- _DATASET EXTRACT_:
[Start of Attachment]

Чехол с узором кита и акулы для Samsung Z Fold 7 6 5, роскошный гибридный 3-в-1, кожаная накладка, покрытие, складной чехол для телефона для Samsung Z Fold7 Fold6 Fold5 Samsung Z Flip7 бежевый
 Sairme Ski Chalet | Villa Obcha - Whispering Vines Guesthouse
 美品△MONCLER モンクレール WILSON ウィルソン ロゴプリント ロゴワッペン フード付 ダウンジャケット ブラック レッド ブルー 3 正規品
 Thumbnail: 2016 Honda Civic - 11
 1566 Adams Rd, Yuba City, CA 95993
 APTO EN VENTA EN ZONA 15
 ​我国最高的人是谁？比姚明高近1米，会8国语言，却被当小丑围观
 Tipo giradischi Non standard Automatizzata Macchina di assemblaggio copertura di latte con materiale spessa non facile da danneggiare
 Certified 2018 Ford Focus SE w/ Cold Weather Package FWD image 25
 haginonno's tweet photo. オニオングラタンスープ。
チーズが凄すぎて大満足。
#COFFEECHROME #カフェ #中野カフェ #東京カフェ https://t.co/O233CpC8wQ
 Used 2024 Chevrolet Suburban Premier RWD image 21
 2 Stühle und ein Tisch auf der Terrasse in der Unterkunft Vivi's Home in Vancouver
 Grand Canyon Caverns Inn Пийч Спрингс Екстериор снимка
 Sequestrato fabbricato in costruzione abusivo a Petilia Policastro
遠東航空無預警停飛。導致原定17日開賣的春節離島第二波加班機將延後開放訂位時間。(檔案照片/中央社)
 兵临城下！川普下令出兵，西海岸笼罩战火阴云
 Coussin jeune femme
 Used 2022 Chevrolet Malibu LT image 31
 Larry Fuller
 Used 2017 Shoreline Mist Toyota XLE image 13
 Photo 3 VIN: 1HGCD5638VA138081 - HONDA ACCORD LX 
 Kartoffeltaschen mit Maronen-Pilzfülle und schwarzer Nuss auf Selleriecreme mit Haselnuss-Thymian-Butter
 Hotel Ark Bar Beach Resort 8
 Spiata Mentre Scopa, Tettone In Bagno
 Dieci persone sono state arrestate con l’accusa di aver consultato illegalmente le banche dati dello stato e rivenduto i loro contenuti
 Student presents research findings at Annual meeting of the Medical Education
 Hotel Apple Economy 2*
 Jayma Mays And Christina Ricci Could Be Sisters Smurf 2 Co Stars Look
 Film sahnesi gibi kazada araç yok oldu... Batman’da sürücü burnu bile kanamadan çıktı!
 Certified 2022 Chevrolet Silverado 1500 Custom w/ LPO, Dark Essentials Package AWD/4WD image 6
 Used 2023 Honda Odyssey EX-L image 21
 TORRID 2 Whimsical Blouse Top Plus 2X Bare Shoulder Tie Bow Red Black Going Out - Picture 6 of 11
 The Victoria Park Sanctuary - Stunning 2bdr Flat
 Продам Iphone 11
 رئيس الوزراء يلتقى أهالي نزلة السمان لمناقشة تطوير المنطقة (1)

[End of Attachment]

The complete data above is to be written out again as it stands.

- _RESPONSE TO THE EXERCISE_:
Чехол с узором кита и акулы для Samsung Z Fold 7 6 5, роскошный гибридный 3-в-1, кожаная накладка, покрытие, складной чехол для телефона для Samsung Z Fold7 Fold6 Fold5 Samsung Z Flip7 бежевый
 Sairme Ski Chalet | Villa Obcha - Whispering Vines Guesthouse
 美品△MONCLER モンクレール WILSON ウィルソン ロゴプリント ロゴワッペン フード付 ダウンジャケット ブラック レッド ブルー 3 正規品
 Thumbnail: 2016 Honda Civic - 11
 1566 Adams Rd, Yuba City, CA 95993
 APTO EN VENTA EN ZONA 15
 ​我国最高的人是谁？比姚明高近1米，会8国语言，却被当小丑围观
 Tipo giradischi Non standard Automatizzata Macchina di assemblaggio copertura di latte con materiale spessa non facile da danneggiare
 Certified 2018 Ford Focus SE w/ Cold Weather Package FWD image 25
 haginonno's tweet photo. オニオングラタンスープ。
チーズが凄すぎて大満足。
#COFFEECHROME #カフェ #中野カフェ #東京カフェ https://t.co/O233CpC8wQ
 Used 2024 Chevrolet Suburban Premier RWD image 21
 2 Stühle und ein Tisch auf der Terrasse in der Unterkunft Vivi's Home in Vancouver
 Grand Canyon Caverns Inn Пийч Спрингс Екстериор снимка
 Sequestrato fabbricato in costruzione abusivo a Petilia Policastro
遠東航空無預警停飛。導致原定17日開賣的春節離島第二波加班機將延後開放訂位時間。(檔案照片/中央社)
 兵临城下！川普下令出兵，西海岸笼罩战火阴云
 Coussin jeune femme
 Used 2022 Chevrolet Malibu LT image 31
 Larry Fuller
 Used 2017 Shoreline Mist Toyota XLE image 13
 Photo 3 VIN: 1HGCD5638VA138081 - HONDA ACCORD LX 
 Kartoffeltaschen mit Maronen-Pilzfülle und schwarzer Nuss auf Selleriecreme mit Haselnuss-Thymian-Butter
 Hotel Ark Bar Beach Resort 8
 Spiata Mentre Scopa, Tettone In Bagno
 Dieci persone sono state arrestate con l’accusa di aver consultato illegalmente le banche dati dello stato e rivenduto i loro contenuti
 Student presents research findings at Annual meeting of the Medical Education
 Hotel Apple Economy 2*
 Jayma Mays And Christina Ricci Could Be Sisters Smurf 2 Co Stars Look
 Film sahnesi gibi kazada araç yok oldu... Batman’da sürücü burnu bile kanamadan çıktı!
 Certified 2022 Chevrolet Silverado 1500 Custom w/ LPO, Dark Essentials Package AWD/4WD image 6
 Used 2023 Honda Odyssey EX-L image 21
 TORRID 2 Whimsical Blouse Top Plus 2X Bare Shoulder Tie Bow Red Black Going Out - Picture 6 of 11
 The Victoria Park Sanctuary - Stunning 2bdr Flat
 Продам Iphone 11
 رئيس الوزراء يلتقى أهالي نزلة السمان لمناقشة تطوير المنطقة (1)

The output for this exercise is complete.